7. En second lieu, aux termes de l’article A 7 du règlement du PLU de la commune de Claviers : « Les constructions et installations nouvelles doivent être implantés à au moins 4 mètres des limites séparatives (…) »
8. Il ressort du plan de masse d’état des lieux joint à la demande de permis de construire de M. B… que l’abri bois présent le plus au sud du terrain d’assiette, d’une dimension de 2,50 mètres par 4,80 mètres, serait implanté à 4 mètres de la limite séparative. Cependant, la cote de 2,50 mètres de largeur de l’abri et celle de 4 mètres de distance vis-à-vis de cette limite sont sensiblement équivalentes, et M. B… n’établit par aucune des pièces qu’il produit que cette dernière cote serait exacte, et ainsi conforme aux dispositions de l’article A 7 du règlement du PLU. Dans ces conditions, ce motif de l’arrêté litigieux doit également être regardé comme étant fondé.
9. Les motifs tirés de la méconnaissance par le projet litigieux des dispositions de l’article A 2 du règlement du PLU de Claviers, au titre de la surface de plancher de l’extension et de sa surélévation et de l’emprise des annexes, et de celles de l’article A 7 dudit règlement justifiaient à eux seuls que soit refusé le permis de construire sollicité.
10. Il résulte de ce qui précède que M. B… n’est pas fondé à soutenir que c’est à tort que, par le jugement attaqué, le tribunal administratif de Toulon a rejeté sa demande tendant à l’annulation de l’arrêté du 21 décembre 2020.

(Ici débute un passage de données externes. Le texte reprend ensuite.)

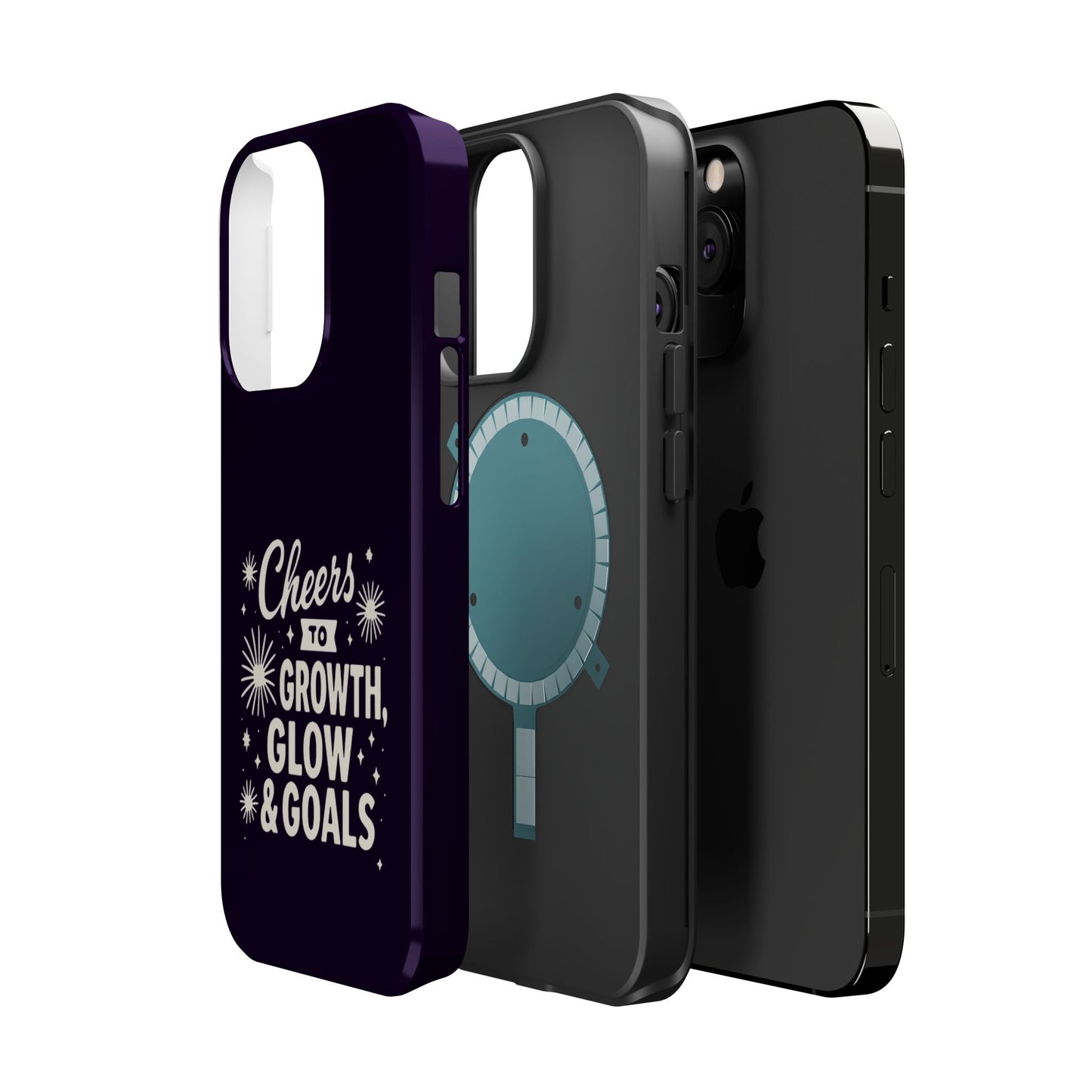 Cheers to Growth, Glow & Goals - Magnetic Phone Case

Sur les frais d’instance :
11. Les dispositions de l’article L. 761-1 du code de justice administrative font obstacle à ce que la commune de Claviers, qui n’est pas la partie perdante dans la présente instance, soit condamnée à verser une quelconque somme à M. B…. Dans les circonstances de l’espèce, il y a lieu de mettre à la charge de ce dernier une somme de 2 000 euros au titre des frais exposés par la commune de Claviers, sur le fondement de ces dispositions.
D É C I D E
Article 1er : La requête de M. B… est rejetée.

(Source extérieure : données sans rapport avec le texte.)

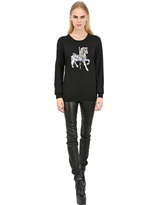 Thumbnail for your product : Markus Lupfer Carousel Horse Sequin Wool Sweater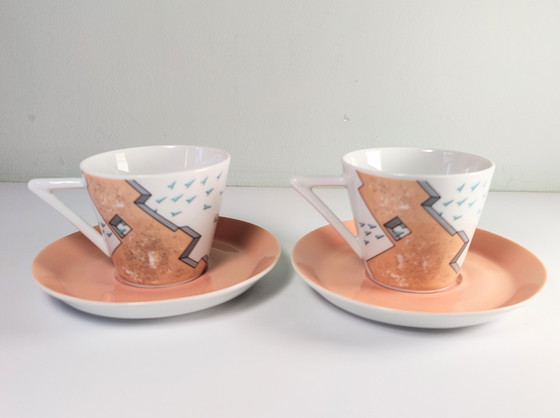 Image 1 of 2x Vintage Tasse und Untertasse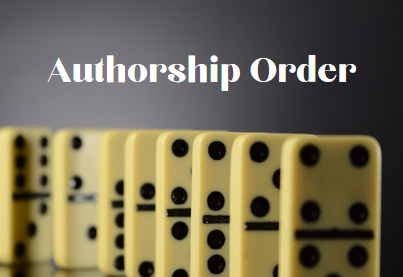 Authorship Order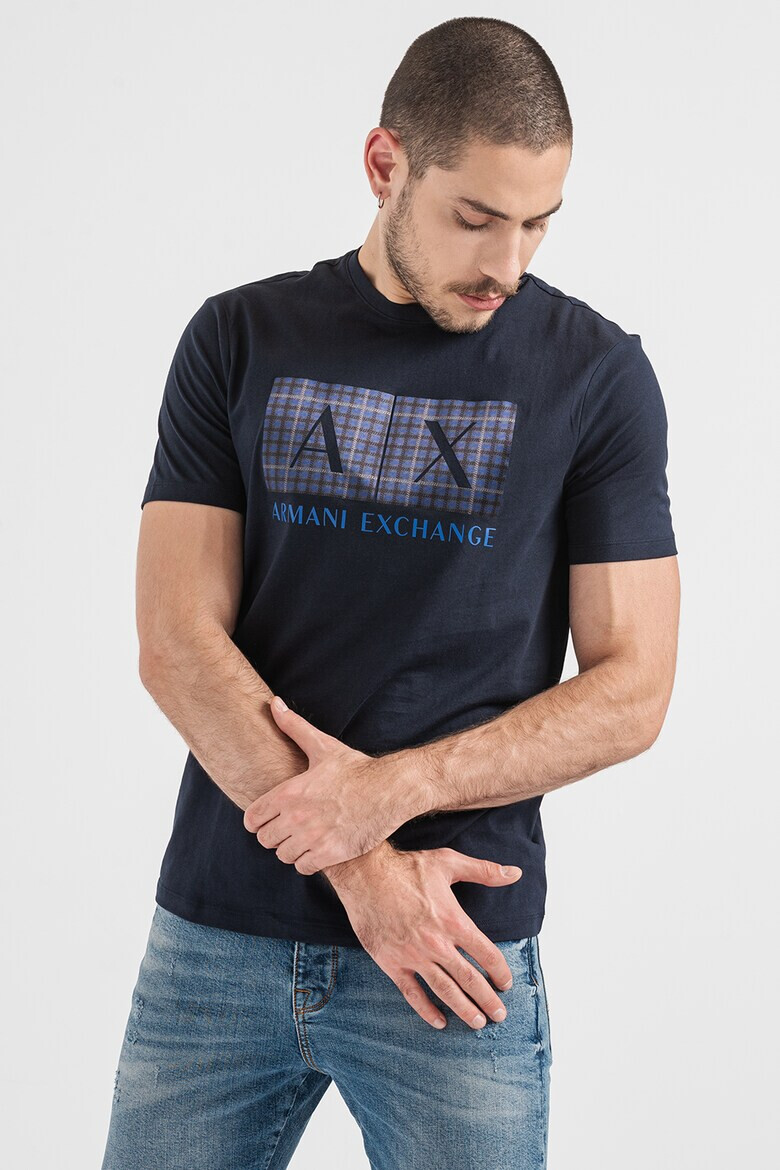 ARMANI EXCHANGE Памучна тениска с лого - Pepit.bg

Article 2 : M. B… versera à la commune de Claviers une somme de 2 000 euros en application des dispositions de l’article L. 761-1 du code de justice administrative.
Article 3 : Le présent arrêt sera notifié à M. A… B… et à la commune de Claviers.
Délibéré après l’audience du 19 mars 2026, où siégeaient :
- M. Portail, président,
- Mme Hameline, présidente-assesseure,
- M. Claudé-Mougel, premier conseiller.
Rendu public par mise à disposition au greffe 2 avril le 2026.